Captioned web image data:
======
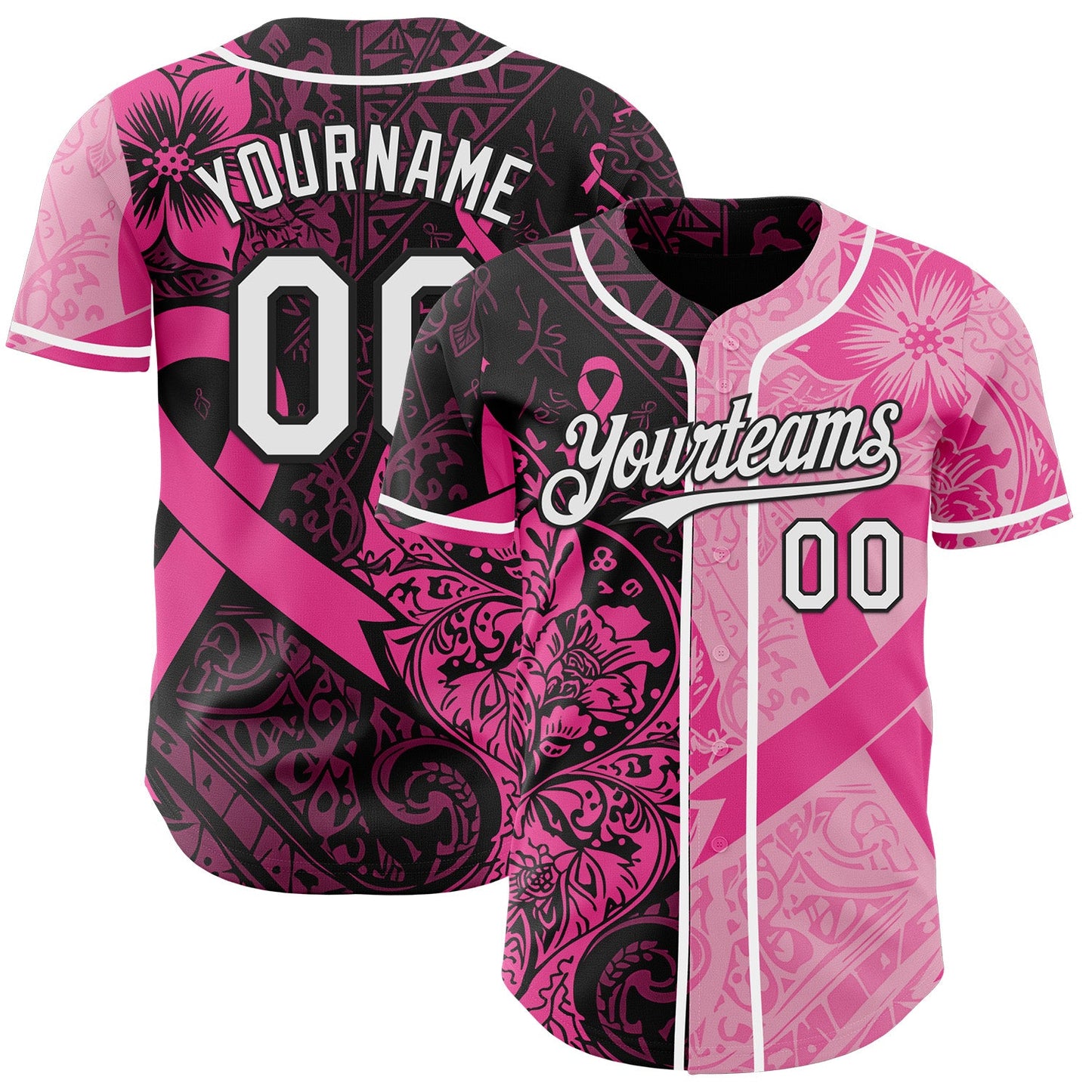 Custom Black White-Pink Breast Cancer Awareness Pink Ribbon Floral Authentic Baseball Jersey
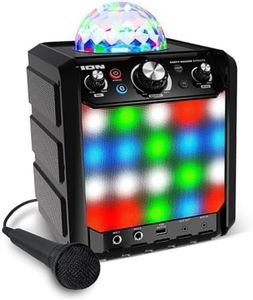ION Audio Party Rocker Effects – Portable Bluetooth Speaker / Karaoke Machine with Karaoke Microphone, Battery Powered Operation and 40W Power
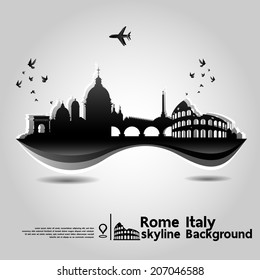 Rome,Italy, skyline background,vector Illustration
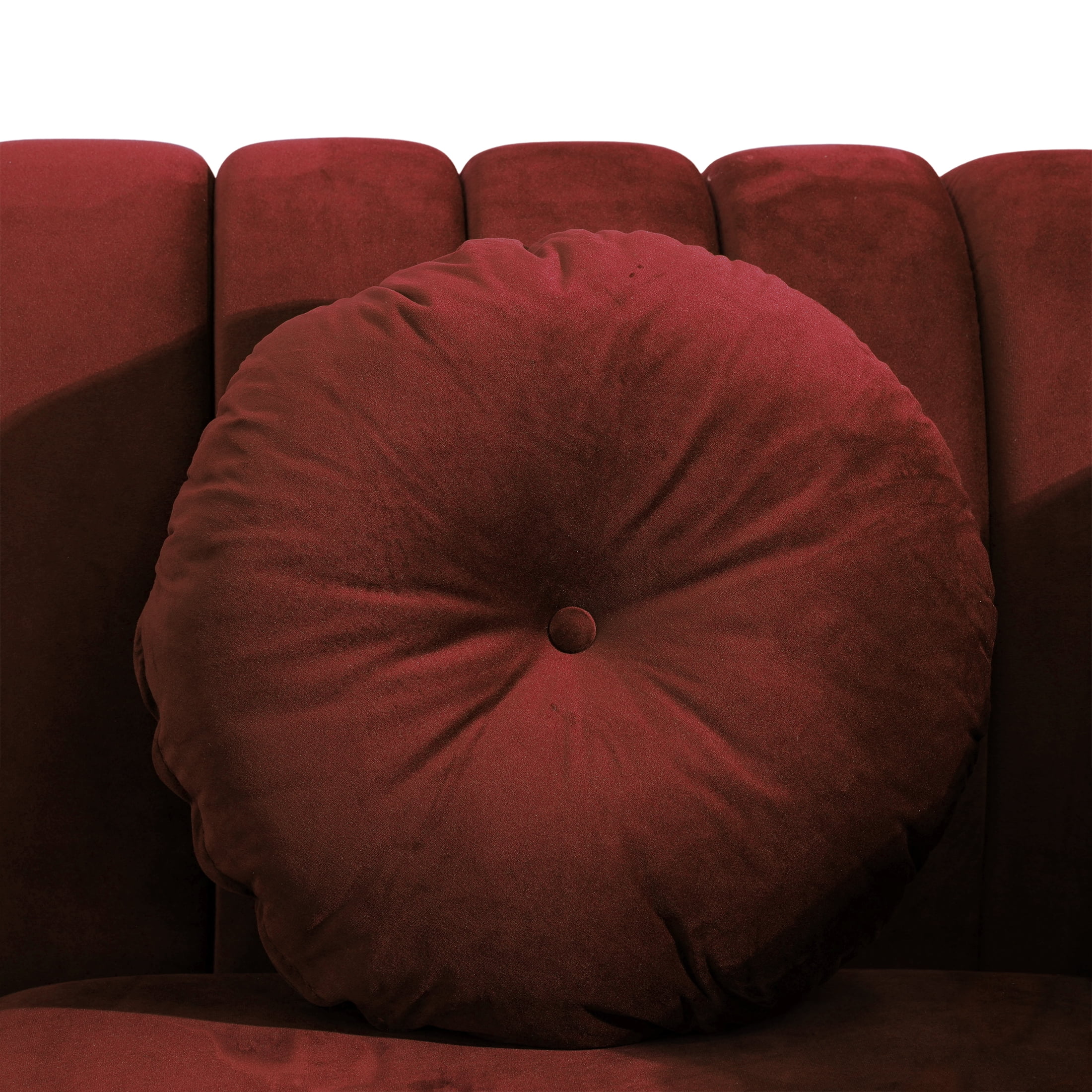 Aukfa 75" Comfy Flannel Sofa, Contemporary 3-Seater Couch for Living Room, 2 Pillows, Red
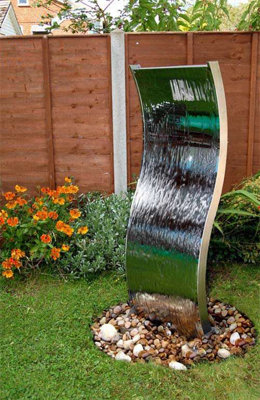 Primrose Outdoor Double Sided Curved Stainless Steel Water Wall 180cm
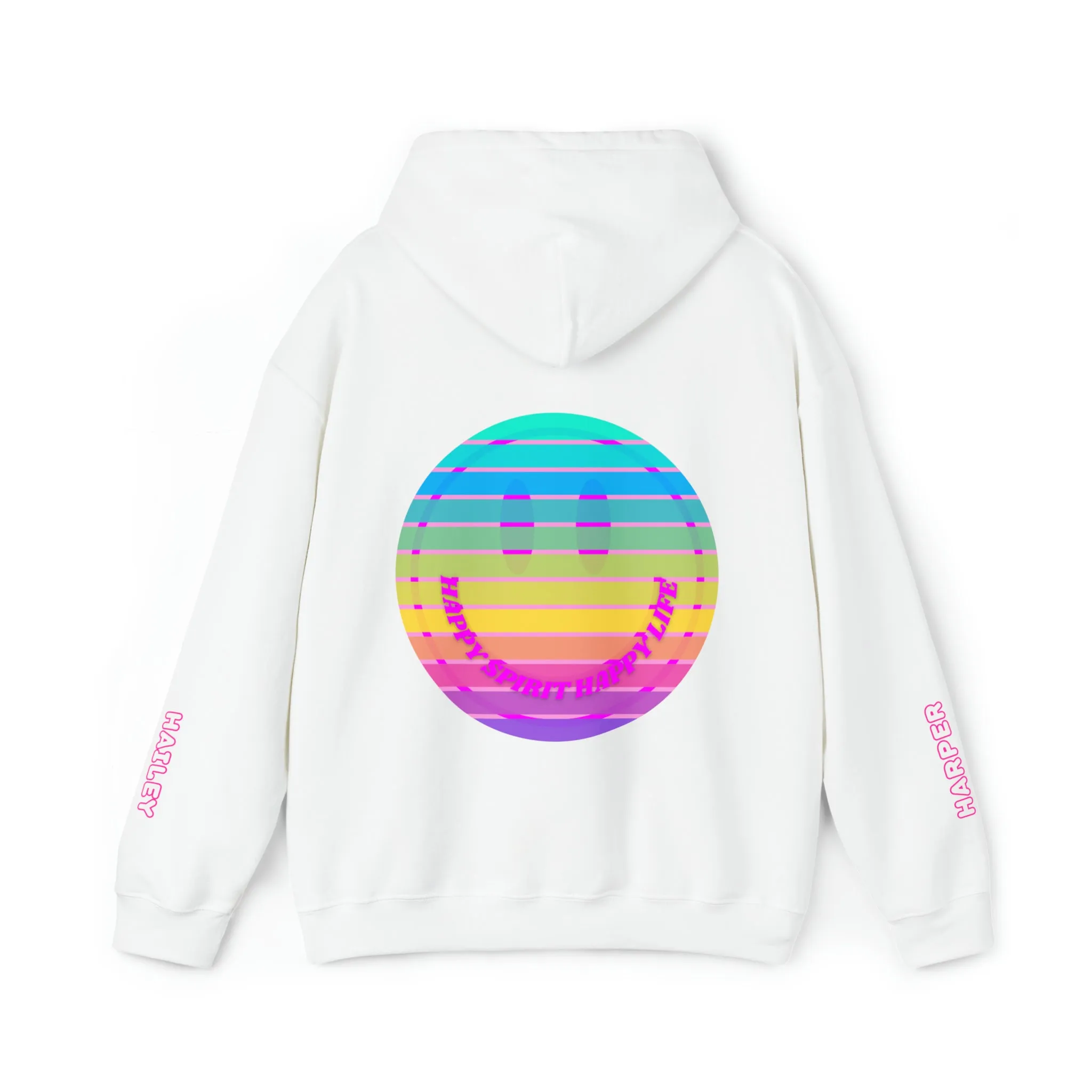 Personalized Name Hoodie, Aesthetic Hoodie, Happy Spirit Happy Life, Smile Hoodie, Happy Mind Hoodie, Mental Health Hoodie, Rainbow Hoodie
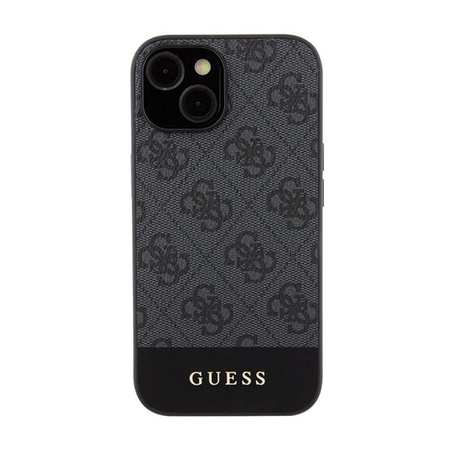 Guess 4G Bottom Stripe Metal Logo Collection - pouzdro pro iPhone 15 (šedé)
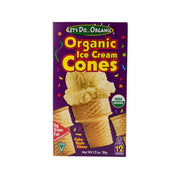 Organic ice cream cones box, purple packaging with cone photo and 12 count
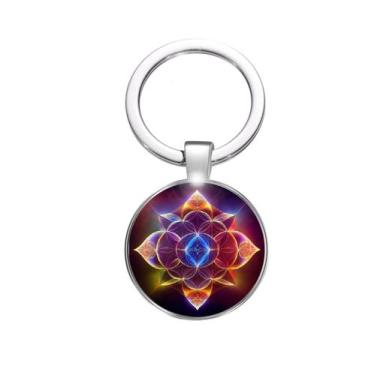 Imagem de Chaveiro Geometria Sagrada em Cores Estilo Mandala - RECANTO ASTRAL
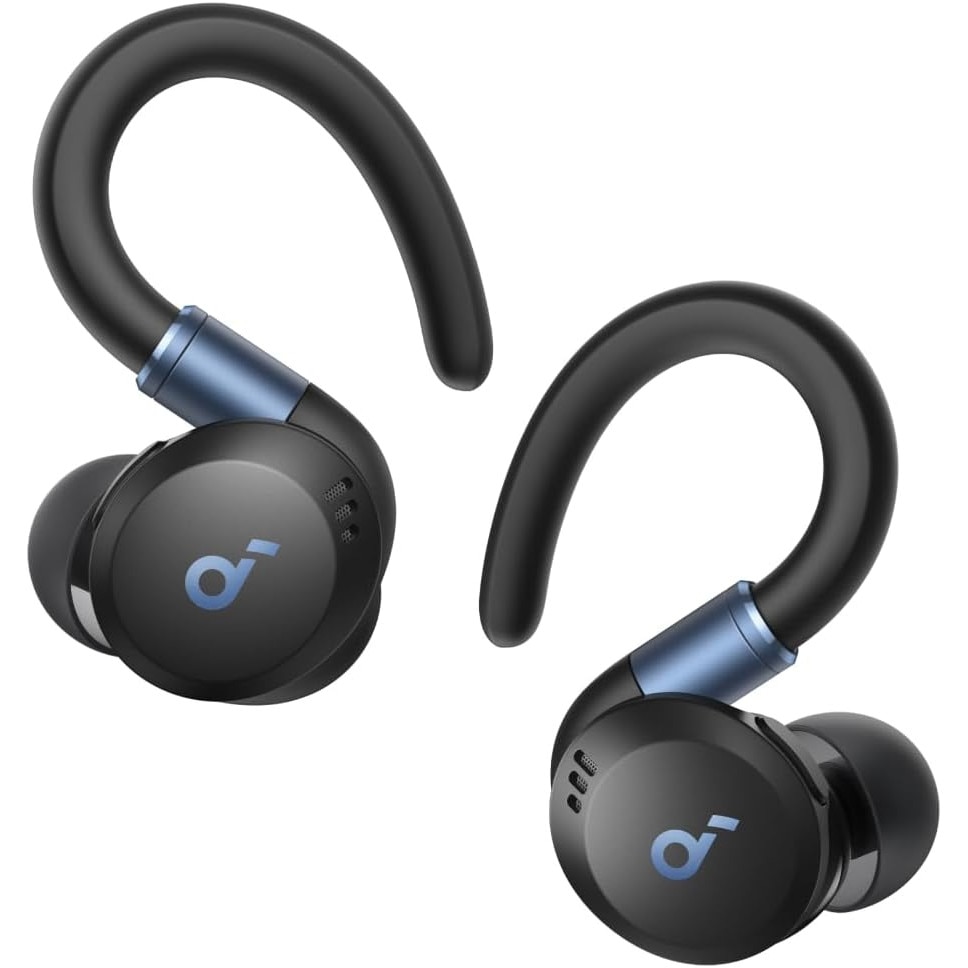 Fotografie Casti True wireless Anker Soundcore Sport X20, Tehnologie Noise Cancelling, Bluetooth 5.3, IP68, Deep Bass, Negru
======
Every line above must be printed again exactly, pictures excluded.

 Custom Black White-Pink Breast Cancer Awareness Pink Ribbon Floral Authentic Baseball Jersey
ION Audio Party Rocker Effects – Portable Bluetooth Speaker / Karaoke Machine with Karaoke Microphone, Battery Powered Operation and 40W Power
 Rome,Italy, skyline background,vector Illustration
 Aukfa 75" Comfy Flannel Sofa, Contemporary 3-Seater Couch for Living Room, 2 Pillows, Red
 Primrose Outdoor Double Sided Curved Stainless Steel Water Wall 180cm
 Personalized Name Hoodie, Aesthetic Hoodie, Happy Spirit Happy Life, Smile Hoodie, Happy Mind Hoodie, Mental Health Hoodie, Rainbow Hoodie
 Guess 4G Bottom Stripe Metal Logo Collection - pouzdro pro iPhone 15 (šedé)
 Organic ice cream cones box, purple packaging with cone photo and 12 count
 Imagem de Chaveiro Geometria Sagrada em Cores Estilo Mandala - RECANTO ASTRAL
 Fotografie Casti True wireless Anker Soundcore Sport X20, Tehnologie Noise Cancelling, Bluetooth 5.3, IP68, Deep Bass, Negru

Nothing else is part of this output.